Another concern: The press required the exact same setup for each and every run of the same product. Manual setup made repeatability difficult, with excessive time spent to ensure proper settings for each job.

It should be noted that the press’ speed is adjustable from 0.2 to 36 in./min., and features a 35-ton-capacity hydraulic knockout mounted in the end of the main ram along with a 20-ton-capacity cushion under the bed of the press. An Allen-Bradley Versa View industrial computer with data-logging capability provides touchscreen control, and the press’ oil tank is equipped with a heater to ensure that oil temperature remain constant, allowing for repeatable pressure control.

Radio-Frequency Tags Identify Die Halves

On several occasions, operators or setup personnel at this metalforming operation would grab the wrong upper- and lower-die combinations to produce a particular part. Not until the first part was made would personnel realize that the upper and lower tooling did not belong together. In some cases, this caused irreparable damage to the tooling, which then required rebuild or repair, and delayed part production. An additional complication: The metalformer used heated dies to aid in forming parts from titanium, so any identifier for individual tools had to withstand temperatures of several hundred degrees.

control upgrade allows a metalformer to adjust, store and recall settings
A control upgrade allows a metalformer to adjust, store and recall settings, avoiding the hazards and time costs related to manual setup.
Greenerd worked closely with the manufacturer to understand specific tooling issues, and ultimately, both parties agreed that the die halves would be identified with RFID (radio frequency identification) tags, which can withstand the heat associated with part drawing.
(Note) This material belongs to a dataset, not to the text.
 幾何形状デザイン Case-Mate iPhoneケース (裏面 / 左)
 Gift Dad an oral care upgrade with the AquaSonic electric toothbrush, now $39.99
In addition, these tags store die information that can be used to schedule preventive maintenance.

Proper Press Settings from Run to Run

Greenerd also developed a program that allowed each die to be viewed with an RFID reader located on the throat plate of the press. The RFID system sends the die information directly to the control, which calls up the correct program for that particular part run and inputs the proper press settings. A job doesn’t run until the control has read the dies and determined that the die halves match.

The upgrade also included installation of a pressure and linear transducer, enabling control of stroke depth and tonnage via the touchscreen. Recipes via these readings then can be stored for future access, ensuring proper settings job after job.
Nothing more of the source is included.